A happy though also rare ending. Over the years, Coptic Christian girls have been and increasingly continue to be abducted, sexually abused, and forced to convert to Islam and marry their kidnappers—and the majority of them are never seen again. Moreover, in the few cases that they, like Marna, are recovered, no legal action is, per precedent, ever taken against the abductors, even though Egyptian law is extremely harsh in such matters (up to 25 years imprisonment for abducting a minor female). But such is the reality of Egypt’s “justice” system when it comes to the non-Muslim Copts.
It’s also worth mentioning that, as of this date, there’s been no word of the fate of the 22 imprisoned Christian protesters—many of whom were from Marna’s family.

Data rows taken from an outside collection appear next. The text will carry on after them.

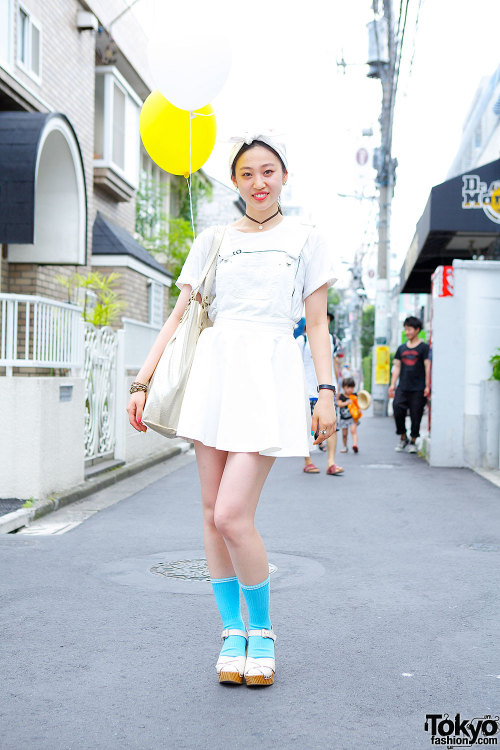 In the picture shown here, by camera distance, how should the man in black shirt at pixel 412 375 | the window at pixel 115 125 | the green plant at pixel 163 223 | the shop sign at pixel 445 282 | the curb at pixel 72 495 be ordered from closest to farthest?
1. the curb at pixel 72 495
2. the shop sign at pixel 445 282
3. the man in black shirt at pixel 412 375
4. the window at pixel 115 125
5. the green plant at pixel 163 223

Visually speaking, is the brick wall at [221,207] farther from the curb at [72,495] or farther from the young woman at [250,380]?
the young woman at [250,380]

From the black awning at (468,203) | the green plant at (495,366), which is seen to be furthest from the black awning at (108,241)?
the green plant at (495,366)

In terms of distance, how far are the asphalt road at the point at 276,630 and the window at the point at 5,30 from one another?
20.8ft

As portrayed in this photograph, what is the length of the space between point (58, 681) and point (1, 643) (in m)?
0.62

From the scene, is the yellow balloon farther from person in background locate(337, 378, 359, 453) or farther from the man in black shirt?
the man in black shirt

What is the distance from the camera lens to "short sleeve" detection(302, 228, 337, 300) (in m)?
3.63

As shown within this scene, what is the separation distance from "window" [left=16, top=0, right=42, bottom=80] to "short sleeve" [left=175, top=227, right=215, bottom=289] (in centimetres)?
924

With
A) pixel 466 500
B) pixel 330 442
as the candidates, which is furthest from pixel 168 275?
pixel 466 500

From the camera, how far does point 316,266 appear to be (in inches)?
143

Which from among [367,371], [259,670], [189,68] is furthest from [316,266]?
[367,371]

This entire phenomenon and process is well discussed in a report by Coptic Solidary (CS). Fifteen-pages long and titled “‘Jihad of the Womb’: Trafficking of Coptic Women & Girls in Egypt,” it documents “the widespread practice of abduction and trafficking” of Coptic girls. According to the report:
The capture and disappearance of Coptic women and minor girls is a bane of the Coptic community in Egypt, yet little has been done to address this scourge by the Egyptian or foreign governments, NGOs, or international bodies. According to a priest in the Minya Governorate, at least 15 girls go missing every year in his area alone. His own daughter was nearly kidnapped had he not been able to intervene in time…. The rampant trafficking of Coptic women and girls is a direct violation of their most basic rights to safety, freedom of movement, and freedom of conscience and belief. The crimes committed against these women must be urgently addressed by the Egyptian government, ending impunity for kidnappers, their accomplices, and police who refuse to perform their duties. Women who disappear and are never recovered must live an unimaginable nightmare. The large majority of these women are never reunited with their families or friends because police response in Egypt is dismissive and corrupt. There are countless families who report that police have either been complicit in the kidnapping or at the very least bribed into silence. If there is any hope for Coptic women in Egypt to have a merely ‘primitive’ level of equality, these incidents of trafficking must cease, and the perpetrators must be held accountable by the judiciary.
Since the publication of that CS report in September 2020, matters have only gotten worse. In the words of the World Watch List 2021, “In Egypt, kidnappings and forced marriages of Christian women and girls to their Muslim abductors has reached record levels.”